En reconnaissant la ville de Jérusalem comme la capitale d’Israël, Donald Trump donne un magistral coup de poignard au processus de paix au Proche-Orient. Mais il ne faut pas se leurrer. Sur ce dossier, les Palestiniens ont toujours été menés en bateau par la Maison-Blanche. C’est effectivement l’absence d’une relation équidistante de Washington à l’égard de deux parties concernées qui constitue l’obstacle majeur à l’établissement d’une paix durable dans la région.

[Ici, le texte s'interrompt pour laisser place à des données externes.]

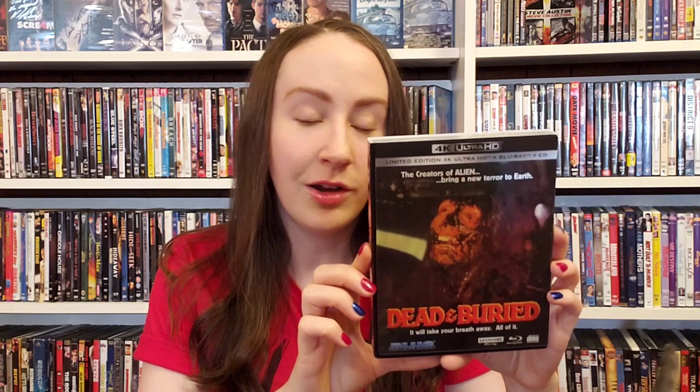What is up, gang? This is the Exting Featurette channel. I'm Kris, and it's Friday, so I have a Friday TGIX review video. Today I'm going to be reviewing Dead and Buried, the new 4K release from Blue Underground. This was sent to me for review, courtesy of them, so I'm going to dive into it.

Barack Obama, dont l’arrivée aux affaires en janvier 2009 était perçue comme une lueur d’espoir, avait pourtant affirmé dans son discours d’investiture qu’il « ne se détournerait pas des aspirations légitimes du peuple palestinien pour la dignité et la stabilité dans un État libre et indépendant ». État qui, toujours selon l’ex-président américain, serait établi sur la base des lignes d’armistice après un retrait graduel mais complet des forces israéliennes des territoires occupés après la guerre des Six Jours. Or, le naturel revenant toujours au galop, la vague d’espérance soulevée s’était promptement dissipée dans l’échec des négociations relancées en septembre 2010 à la Maison-Blanche après qu’Israël a refusé de prolonger le gel de la colonisation juive en Cisjordanie, une condition cautionnée d’ailleurs par Washington.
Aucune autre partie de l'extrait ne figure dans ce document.